Remington is getting better, he has come in from the yard with another bite. I am treating him with the meds they gave him. 

Lou- we have a contact with the bug company here as well. They treat the exterior of the house as I am deathly allergic to sulfa - I cannot breathe if I come into contact with it. Out thought is that he met something in the yard that was not affected by the spray.


----------



## MollyMuiMa (Oct 13, 2012)

OMG! ANOTHER bite? Hmmmmm maybe you need to start wearing 'high waders' Remi!!!!!LOL! Poor poor boy...give him a big HUG from Me & Molly!


----------



## schpeckie (Jun 29, 2010)

OMG, what an ordeal for Remington as well as you! Gosh, there must be something around in the yard that is doing this. Hope he gets betters soon!

Sylvia & the Girls!


----------



## katbrat (May 8, 2011)

So glad Remington is doing better, boo hiss on getting bite again. Is there any way it could be fire ant bites? There isn't a whole lot that will kill them. We have lived many places where they were really bad.


----------



## Lou (Sep 22, 2012)

katbrat said:


> So glad Remington is doing better, boo hiss on getting bite again. Is there any way it could be fire ant bites? There isn't a whole lot that will kill them. We have lived many places where they were really bad.

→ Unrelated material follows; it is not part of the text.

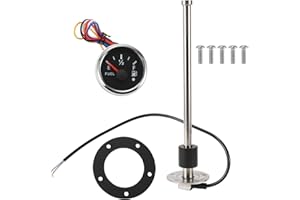 INFINAUTO 280mm Fuel Sending Unit and Gauge Kit 11" for Boat Car Vehicle Fuel Tank Sending Unit Fuel Level Sending Unit Gas Water Tank Sender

I was able to END them!!! Yes!!! We had over 20 mounds!!!! (One of the mounds was about 3FT wide) The yard was extremely infested when I first moved here and they got me bad on my feet! (They never got the dogs thank god, I covered the mounds with cardboard while treating them so the dogs wouldn't step on them ) But now they are gone!!!! I'm so glad they are gone. I called 2 different exterminator companies and also treated the yard myself!!! Over and over!! 
I don't know exactly what the 2 companies used but I bought this product that was recommended by PF members and I applied it over and over (my dogs don't touch/pick up anything off the ground, but I can't vouch that this is 100% safe because I don't know) but the evil ants are gone!! And I still have a lot of granules left in the bag, and Im keeping an eye on it ...
Just wanted to share this.. Just in case.... The product is called AMDRO I think... Black bag, (It's in the garage) it says it kills fire ants. I bought it at HomeDepot 

Ps. Sweetheartsrodeo, If you find out what it is, please let us know. So we can keep an eye out for it too. Hope you and Remington are doing better and that this is behind you soon!!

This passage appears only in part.